Tag: municipalization

Dec 21 2014

The Interview, Censorship, Terrorism, Dr. Evil, and Lots of Other Stuff

I’m gearing up for a long series of posts about the various books I read on my month off on Bora Bora. In the mean time, I read a bunch of stuff online this morning (from Friday through today) and thought I’d give you a taste of some of it in case you feel like digging in.

I started with How Reading Transforms Us. It’s a good frame setting piece about some new research on the impact of reading – both fiction and non-fiction – on humans. There is a pleasant surprise in there about how non-fiction influences us.

As with many of you, I’m deeply intrigued by what’s going on around the movie The Interview. Fred Wilson wrote a post titled The Interview Mess in which he expresses some opinions. I’m not in opinion mode yet as each day reveals more information, including some true stupidity on the part of various participants. Instead, I’m still enjoying The Meta Interview, which is how the real world is reacting to The Interview.

Let’s start with the FBI’s Update on Sony Investigation followed by Obama Vow[ing] a Response to Cyberattack on Sony. 2600 weighs in with a deliciously ironic offer to help Sony get distribution for The Interview. Sony’s lawyers unmuffle their CEO Michael Lynton who fires back at President Obama.

Now it starts getting really interesting. North Korea says huh, what, wait, it wasn’t us and seeks a joint probe with US on Sony hack (yeah – like that is going to happen.) After everyone worrying about not being able to see The Interview (which might now be the most interesting movie of 2014 before we’ve even seen it), Sony says Nope, we didn’t chicken out – you will get to see The Interview.

Apparently, Obama isn’t finished.

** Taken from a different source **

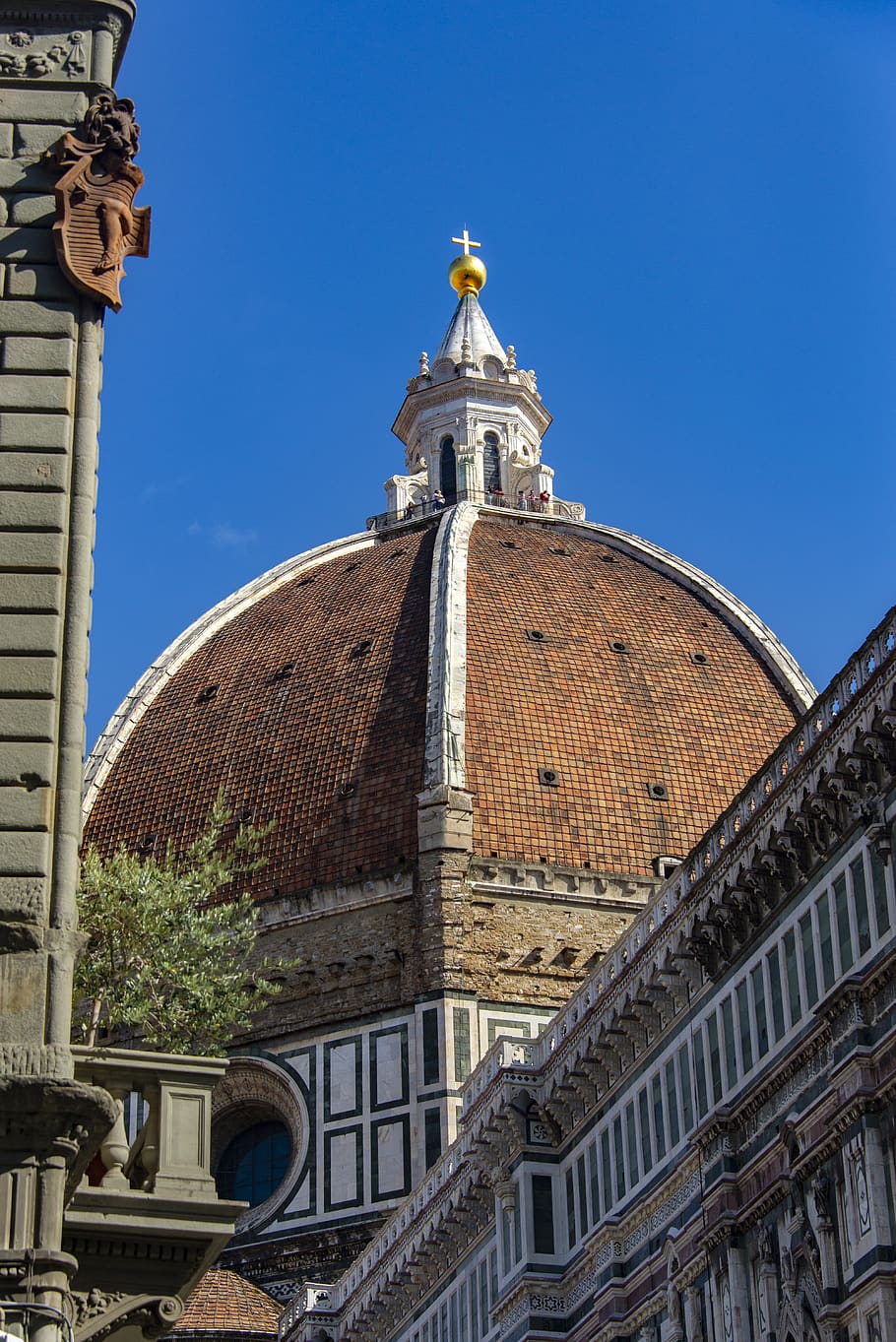 cúpula, florencia, italia, cosimo, iglesias, europeo, histórico,  arquitectura, monumento, iglesia | Pxfuel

Instead, he’s just getting started. He’s decided that the North Korea hack on Sony Pictures was not an act of war but is now trying to decide if it’s terrorism so he can put North Korea on the terrorism sponsors list to join Cuba, Iran, Sudan and Syria. No wait, maybe it’s to replace Cuba which Obama has decided to restore full relations with.

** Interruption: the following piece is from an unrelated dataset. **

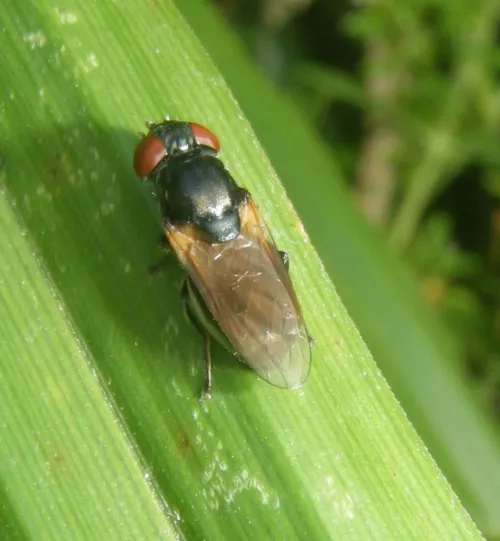Chrysogaster cemiteriorum - photo 2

Thankfully, Dr. Evil weighs in on this whole thing and makes sense of it (starting at 0:40).

At the same time we are struggling over North Korean’s cyber attack terrorism censorship thing, we are struggling with our own internal efforts by some very powerful companies to figure out how the Internet should work in the US. Hmmm – irony?

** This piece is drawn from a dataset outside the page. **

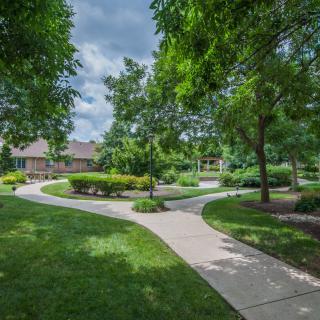 A scenic view of a park with winding pathways and lush green trees.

Let’s start with the cable industry’s darkest fears if the Internet becomes a utility. According to the Washington Post, Congress now wants to legislate net neutrality. And Verizon tells the FCC that what they do doesn’t really matter to them.

The FCC situation is so fucked up at this point that I don’t think anyone knows which way is up. Fortunately, we have the Silicon Flatirons Digital Broadband Migration Conference happening in February which I’m speaking at to clear this all up. Well, or at least watch some entertaining, very bifurcated arguments about First Principles for a Twenty First Century Innovation Policy.

If you are a little bummed by now about how humans behave, check out this article where MIT Computer Scientists Demonstrate the Hard Way That Gender Still Matters. For a taste:

The interactions in the AMA itself showed that gender does still matter. Many of the comments and questions illustrated how women are often treated in male-dominated STEM fields. Commenters interacted with us in a way they would not have interacted with men, asking us about our bra sizes, how often we “copy male classmates’ answers,” and even demanding we show our contributions “or GTFO [Get The **** Out]”. One redditor helpfully called out the double standard, saying, “Don’t worry guys – when the male dog groomer did his AMA (where he specifically identified as male), there were also dozens of comments asking why his sex mattered. Oh no, wait, there weren’t.”

But the fun doesn’t end with cyberterrorism, censorship, incumbent control, or gender bias. Our good friends at Google are expanding their presence in our lovely little town of Boulder from 300 employees to over 1,500 employees. I think this is awesome, but not everyone in Boulder agrees that more Googlers are a good thing. I wonder if they still use Lycos or Ask Jeeves as their search engine. And for those in Boulder hoping we municipalize our Internet net, consider FERC’s smackdown of the City of Boulder’s Municipalization position.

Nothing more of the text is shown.